Antes de prosseguir, uma
necessária digressão acerca das principais escolas de pensamento econômico:
clássicos, keynesianos e estruturalistas. Simplificadamente, os economistas
clássicos (e neoclássicos também) acreditam que as falhas do mercado são
corrigidas pelo próprio mercado e que a interferência do governo apenas piora
as coisas. Para os clássicos, inflação é sempre intolerável e o protecionismo
gera apenas ineficiência. Já os economistas keynesianos (e neokeynesianos
também) são, por definição, favoráveis à intervenção estatal na economia. O
pensamento de Lorde Keynes (inspirador do nome keynesianos) era bem claro: as
estruturas de mercado possuem falhas intrínsecas que podem ser corrigidas pela
atuação do governo. Para os keynesianos, um pouco de inflação é tolerável e o
protecionismo é útil para promover o desenvolvimento. Por fim, economistas
estruturalistas (ou cepalinos, referência à CEPAL (Comissão Econômica para a
América Latina), entendem que o subdesenvolvimento na América Latina era
estrutural, decorrente da deterioração dos termos de trocas de economias
exportadoras de commodities e importadoras de manufaturados. Para eles, sem
industrialização o subdesenvolvimento nunca seria superado: foi esse o modelo
que o Brasil adotou nos anos 1960 e 1970 e que nos legou a Década Perdida de
1980: hiperinflação, desemprego crônico, mercado fechado com produtos caros e
ruins – o melhor exemplo eram as “carroças”, termo que Collor de Mello usava
para se referir aos automóveis brasileiros de antes da abertura do mercado em
1990. Resumindo, um economista ou é clássico, ou é keynesiano ou é
estruturalista. Como água e óleo, as categorias não se combinam. Digressão
concluída, podemos prosseguir.
À primeira vista, o governo da
presidente Dilma Rousseff é keynesiano. Lula da Silva, seu antecessor, foi
clássico e não mexeu no chamado tripé macroeconômico que recebeu de Fernando
Henrique Cardoso: metas de inflação, câmbio flutuante e disciplina fiscal – os
arroubos mais keynesianos ou estruturalistas de economistas como Luiz Gonzaga
Belluzzo e outros que seguiam o pensamento da foram devidamente ignorados.

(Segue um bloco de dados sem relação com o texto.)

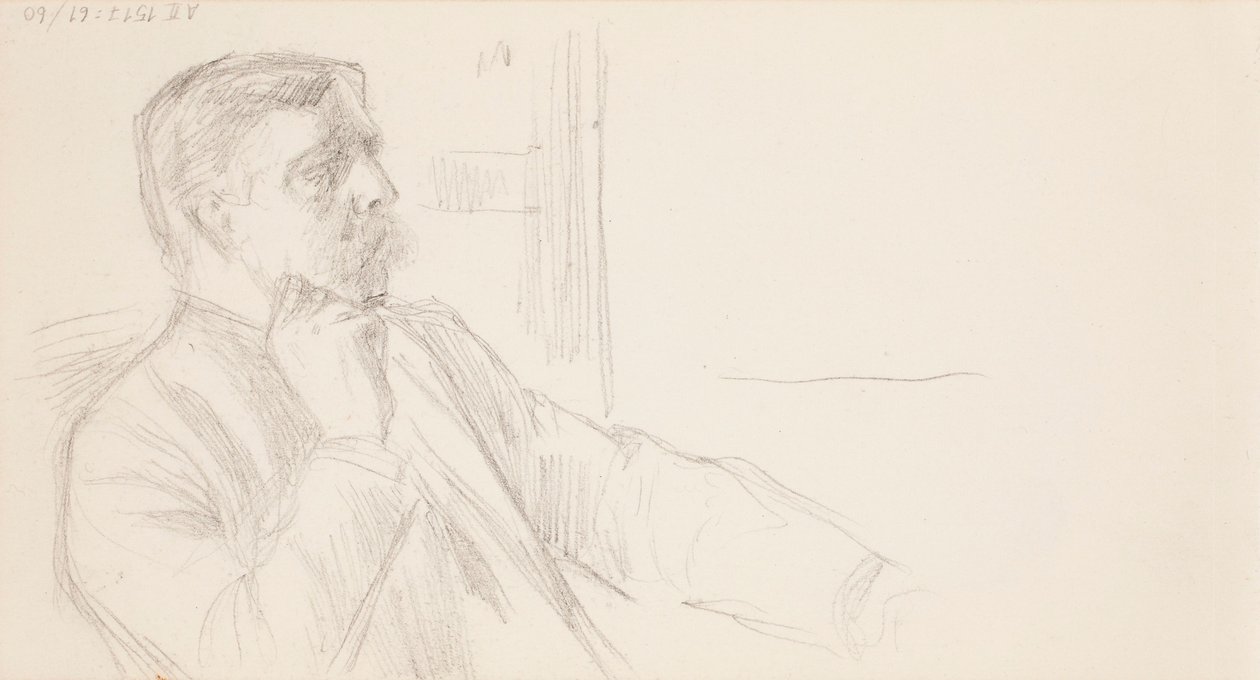Bez tytułu autorstwa Albert Edelfelt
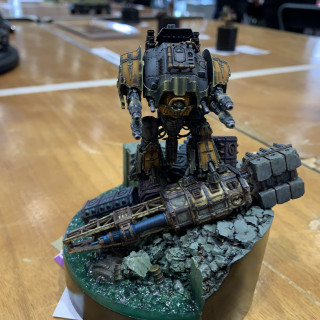 Salute 50 Painting Competition - Winners for Category 6 – Sci Fi Other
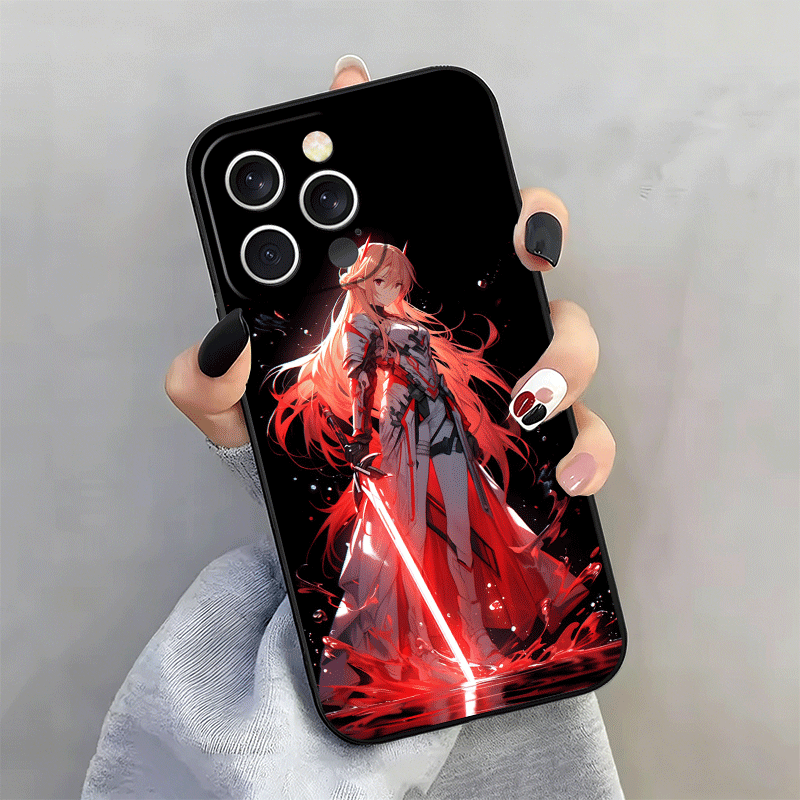 Soft Silicone Phone Case for i - Sword Art Online Cape recension och pris
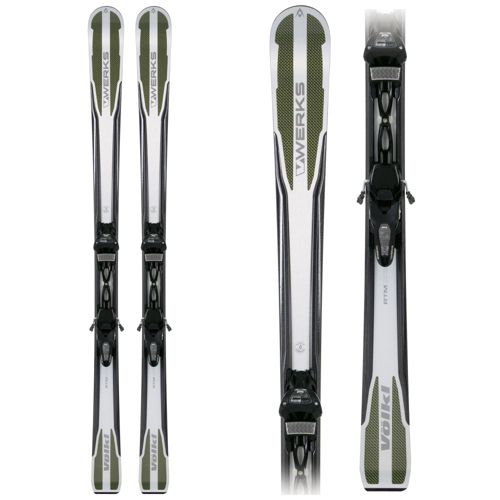 Volkl Marker V-Werks iPT Wide Ride 12.0 Ski Binding 2013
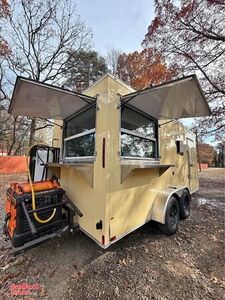 Well Equipped - 2023 Kitchen Food Concession Trailer Mobile Vending Unit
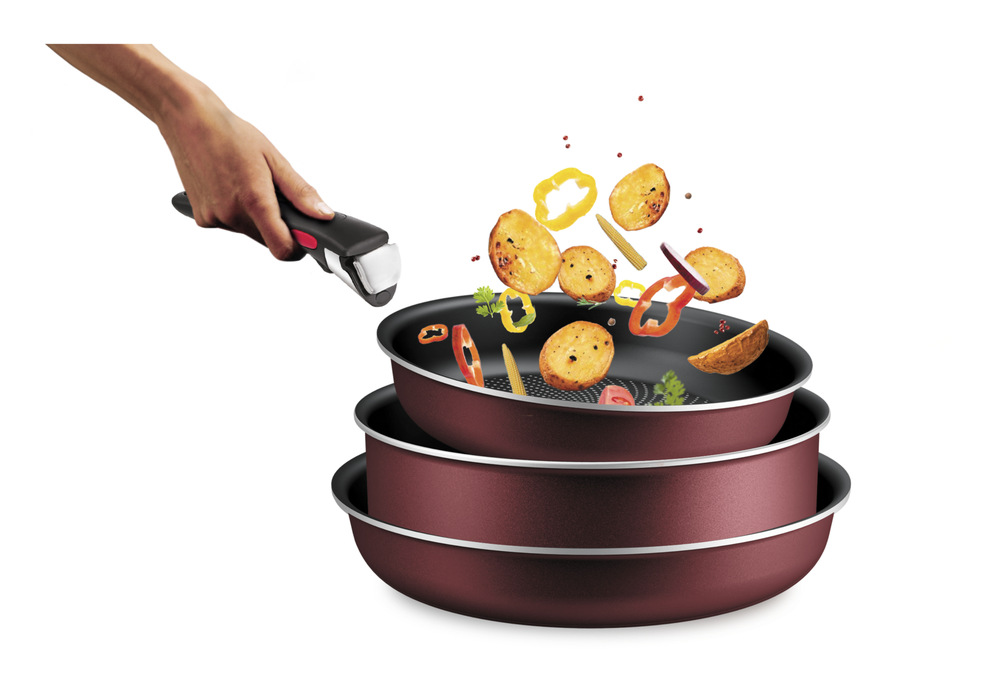 Sada nádobí Tefal L7249302 Ingenio Simply Cook 4 kusy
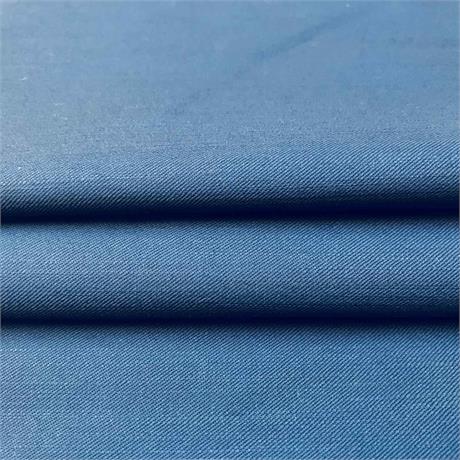 Solid Teal Stretch Denim Image 1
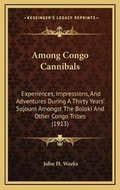 Cover: Among Congo Cannibals - Kessinger Publishing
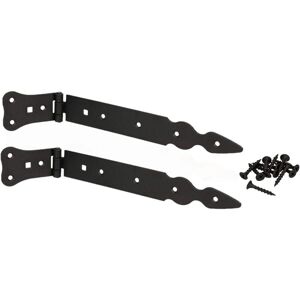 KOTARBAU Roestvrijstalen Zwart T Scharnieren - 250 mm - Scharnieren KOTARBAU Roestvrijstalen Zwart T Scharnieren - 250 mm - Scharnieren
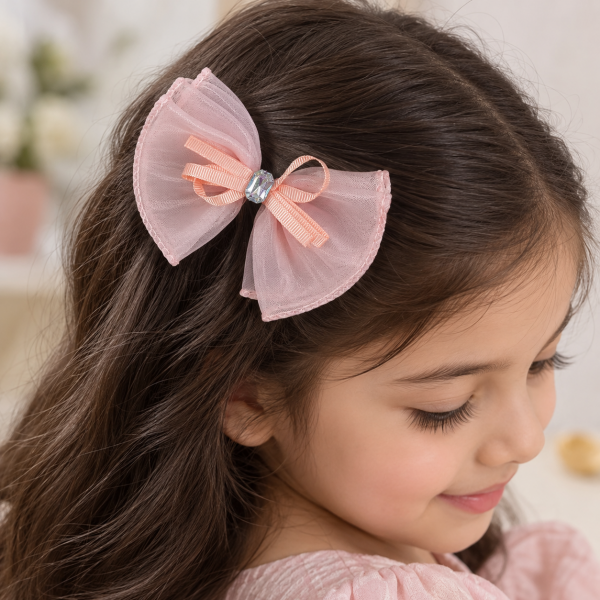 Fashion Alley Bow Hair Pin For Women Pack Of 12 Pc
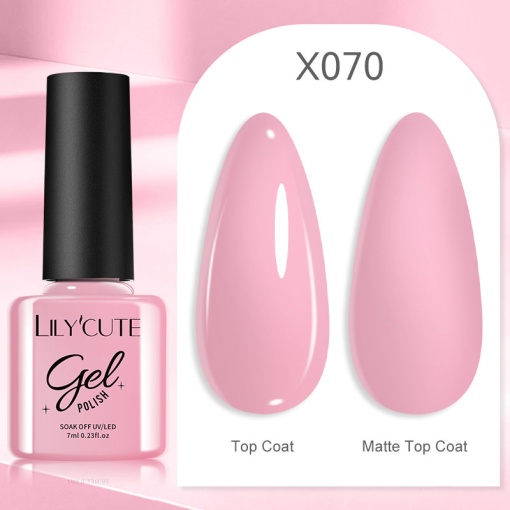 Oja Semipermanentā LilyCute 7 ml LC-070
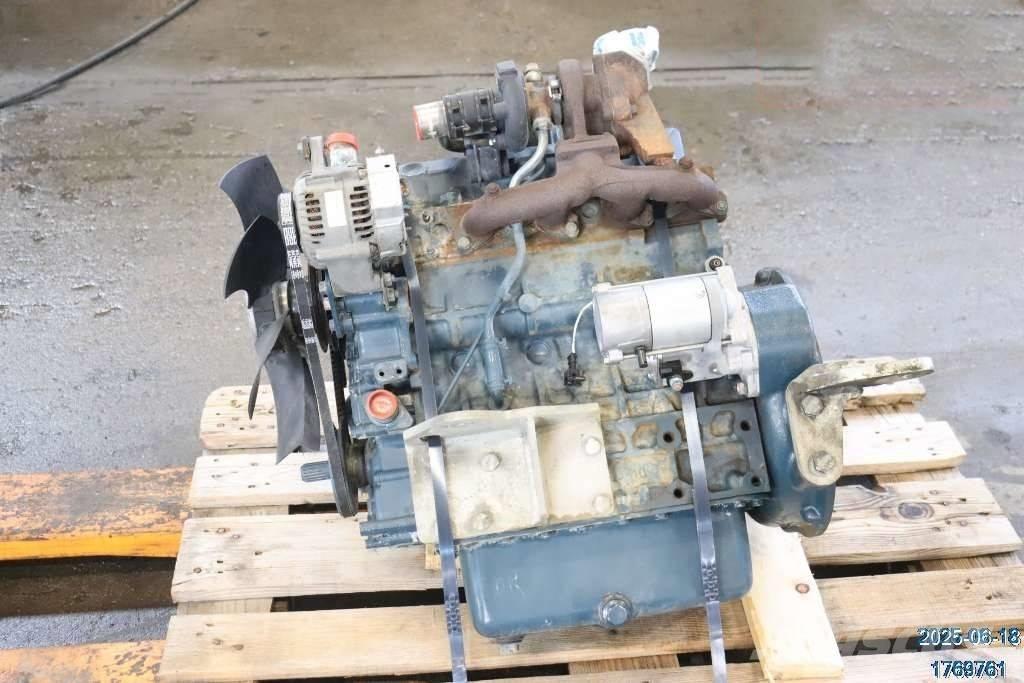 GiANT V 6004 T Dzinēji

Dilma Rousseff não fez o mesmo. Deu carta branca para a turma de Guido Mantega,
que conseguiu a maior proeza em termos de arrogância econômica: criar a Nova
Matriz Econômica, algo que eles imaginavam ser uma aplicação do pensamento
keynesiano. Não era, ao menos de acordo com o dito pela Associação Keynesiana
Brasileira, que, no artigo supracitado, afirmou que a política econômica de
Guido Mantega “está longe de poder ser definida como uma política genuinamente
keynesiana”. Na Nova Matriz Econômica, o governo abandonou o tripé
macroeconômico: a inflação estourou o limite da meta, o câmbio tornou-se
semifixo e a disciplina fiscal foi abandonada.
Eis o ponto: se a política
econômica atual não é keynesiana – e quem diz isso é a Associação Keynesiana
Brasileira – então ela só poderia ser clássica ou estruturalista. Mas também
não é. Se fosse estruturalista, o Brasil teria implantado reservas de mercado e
barreiras à importação. Não é o caso. Por mais que haja críticas à maneira como
o país conduz seu comércio internacional, ninguém em sã consciência imagina
Dilma Rousseff anunciando a proibição da importação de produtos de informática
e nos obrigando a comprar notebooks e tablets de uma estatal criada para
produzi-los, como a infame Cobra – algo que o Brasil chegou a fazer quando os
cepalinos davam as cartas na política econômica nos tristes anos 1980 e a FIESP
(Federação das Indústrias de São Paulo, mais poderosa associação patronal do
Brasil) enriquecia vendendo produtos caros e ruins para os brasileiros graças
às barreiras à entrada de concorrentes internacionais. Talvez a mais
emblemática prova de que a atual política econômica não é estruturalista seja a
seguinte declaração de que o Brasil precisa se “libertar desta camisa de força
que é o Mercosul, porque não vamos concluir nenhum acordo de livre comércio
tendo a Argentina e a Venezuela como parceiros”. Quem falou isso? A FIESP, quando
entregou uma carta à presidente Dilma Rousseff pedindo mais livre comércio
urgentemente. Se isso não é prova inequívoca de que os tempos mudaram e que a
visão cepalina do estruturalismo somente existe nas cabeças fossilizadas entre
as décadas de 1950 e de 1980 de alguns economistas, então nada mais o é.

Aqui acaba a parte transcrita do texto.